LOS ANGELES, Sept. 22, 2021 /PRNewswire/ — Britive, the cloud native, Multi-Cloud Privileged Access Management Platform, today announced a partnership with Snowflake, the Data Cloud company, to launch a ‘Bring Your Own Snowflake’ program. Joint customers can now normalize and analyze their IAM data for the purposes of obtaining insights into identity borne risks, recommendations for eliminating overly permissive access, and gaining visibility into access spread to allow automatic remediation of issues.

In addition, this model allows for the ingestion of historical identity and access data for analysis, as well as the enablement of users to proactively monitor their data for changes going forward.

“A 360-degree approach is key to effectively managing access permissions across cloud infrastructure,” said Omer Singer, Head of Cyber Security Strategy, Snowflake. “With Britive, Snowflake customers can now quickly gain insights into user permissions, actions and recommendations within the security data lake that they control.”

The Britive platform takes the complexity and time out of securing identities and permissions across multi-cloud environments, including IaaS, PaaS, SaaS, and DaaS services.
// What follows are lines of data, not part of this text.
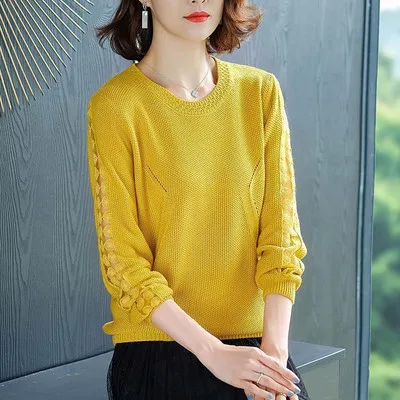 

women's new round neck long sleeve loose all match sweater BLACK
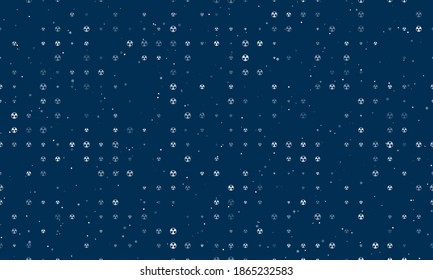 Seamless background pattern of evenly spaced white radiation symbols of different sizes and opacity. Vector illustration on dark blue background with stars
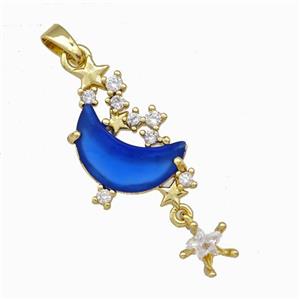 Copper Pendant Pave Zirconia Blue Crystal Glass Moon Gold Plated, approx 6mm, 13-20mm [FD15551]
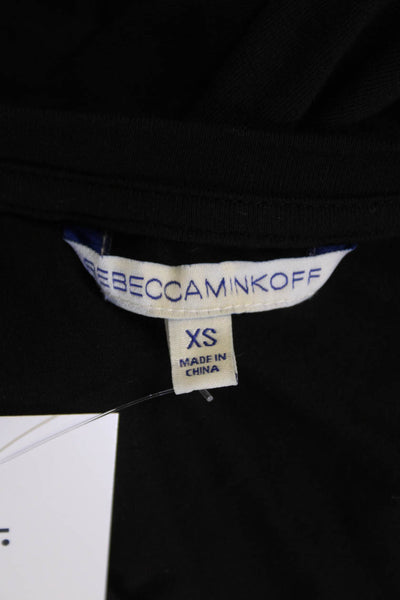 Rebecca Minkoff Womens Short Sleeve Cold Shoulder Tee Shirt Black Size XS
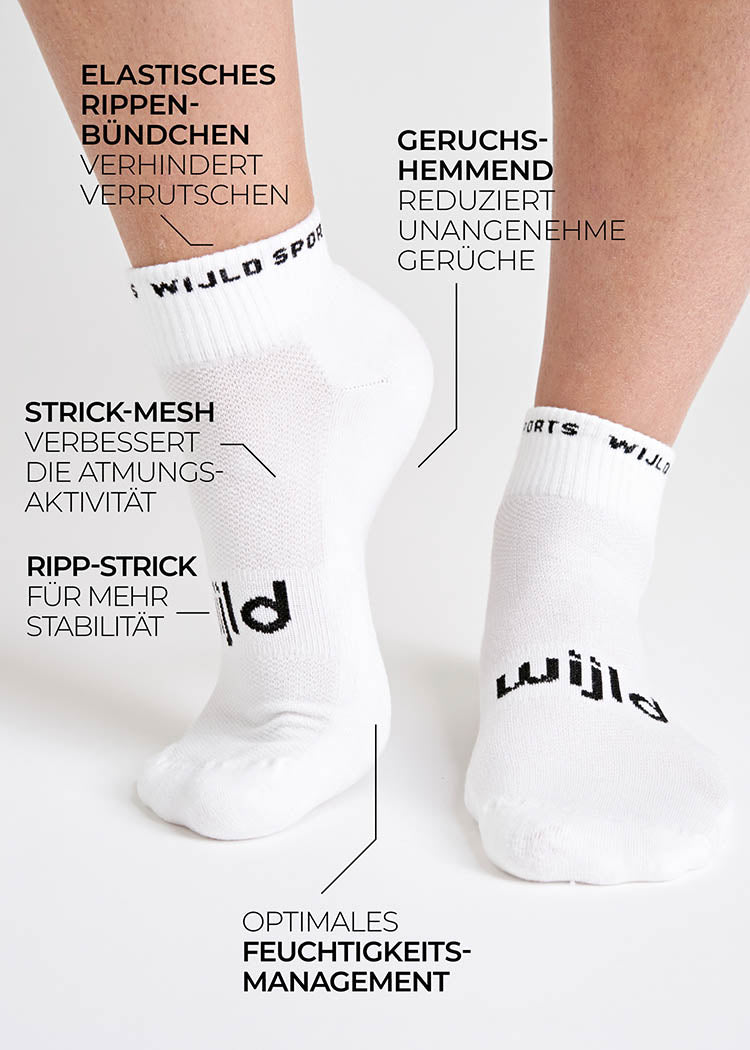 Wijld Socks Woodsocks Sportsocken Halbhoch Bright White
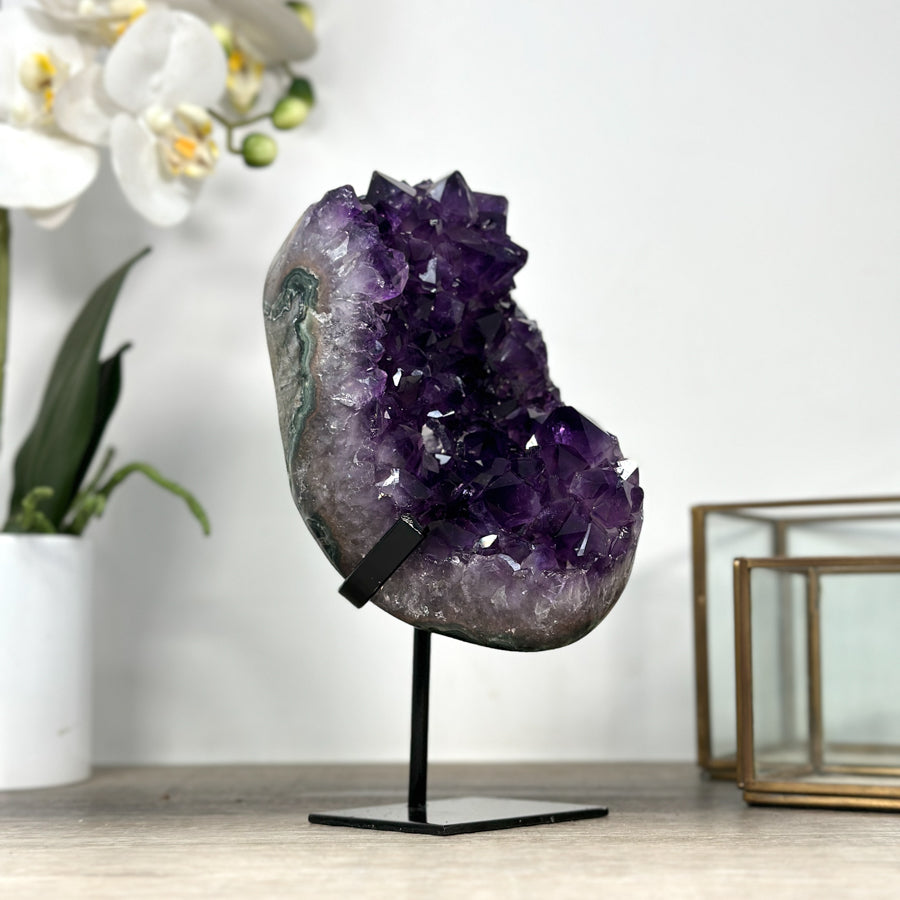 Natural Amethyst Crystal Cluster with Large &amp; Shinny Crystals - MWS2177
The platform provides enterprise organizations with the ability to automatically grant Just-In-Time permissions, auto-expire permissions, enforce least-privilege access, right-size broad permissions and more.

“As security teams increasingly rely on security data lakes to store and analyze their data, there’s now an opportunity to leverage that visibility to effectively analyze cross-cloud identity and activity,” said Art Poghosyan, CEO, Britive. “Britive is thrilled to partner with Snowflake to help our joint customers feel confident that their cloud user privileges are right-sized through continuous analysis, and access policies are automatically enforced as part of a modern security data lake architecture.”